Even the last time the Patriots weren't in the Super Bowl, it was interesting because it was the last game of Peyton Manning's career. And at that point, Manning, the five-time MVP who once threw 49 touchdowns in one season, was arguably the worst starting quarterback in the NFL (17 interceptions in 10 regular season games). It's fair to say he was the worst quarterback to ever win a Super Bowl despite being one of the best of all-time.
Additionally, from my biased perspective, the Super Bowl wasn’t bad in 2006 or 2009 when Sean Morey played for the Pittsburgh Steelers and Arizona Cardinals respectively. However, that's because he—like me—is from Marshfield, Massachusetts. His teams never won a state championship, but seeing a local player in a big game did drum up some excitement in the town. I'm sure Milton, Massachusetts felt the same way when watching Rich Hill pitch for the Los Angeles Dodgers against the Boston Red Sox in the 2018 World Series.
For some people, the two teams playing in the game don't matter all that much because they just like watching football. For others, it doesn't matter because to them it's either a social outing or they watch for the commercials. I've never been able to figure out the latter group. Normally, people fast-forward through commercials if they're watching something pre-taped. And if not, they’ll often leave the room for a minute to do something else.
One has to expect the woke brands like Nike, Gillette, and Coca-Cola will pander to woke football fans (do the woke even watch football?), but this year is going to be particularly bad for commercials because of presidential campaigns. Already, Mike Bloomberg and Donald Trump have confirmed they bought Super Bowl ads. Surprisingly, Tom Steyer isn't doing the same since he and Bloomberg love popping up on TVs and in the unskippable ads before YouTube videos. We all already know how much attention those ads are going to get with over 100 million Americans expected to watch the game. Many considered the 2010 commercial Super Bowl commercial about Tim Tebow's mom not aborting him controversial, so one can only imagine how this will go over.

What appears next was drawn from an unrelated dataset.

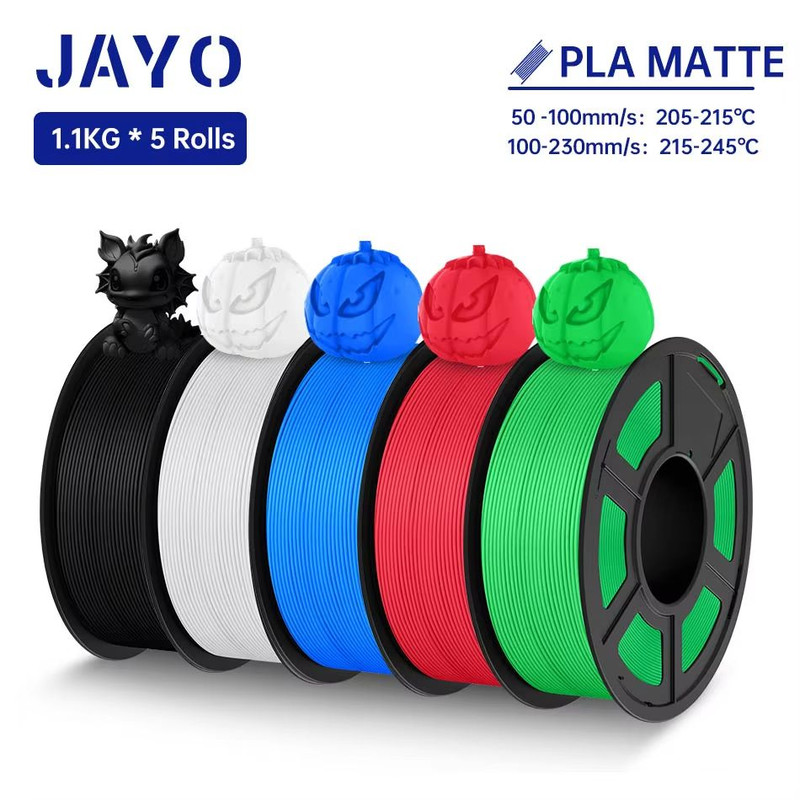 JAYO 3D Printer Filament Bundle  PLA ABS PETG Silk PLA 175mm 5 Rolls NoBubble Printing Material For 14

Some people like gambling on sports, so it doesn't matter who is playing in the big game as long as they have money on it. But then again, there are people like myself who don't bet because it's a risk. Betting in that regard is still a lot better than the regressive tax we call playing the lottery because applied knowledge helps.
And for those watching the game with a group of people, it's hard to fully enjoy and appreciate the game when you're not able to pause, rewind and go frame-by-frame to see each guy and how each play unfolds. And the camera angles watching football on TV aren't great. Viewers would probably love to see all of the wide receivers’ routes and who the QB can throw to on deep balls. On field goal kicks, it would help to give people a closer view of the kicker and the football so they can see why some kicks go through and other kicks don't.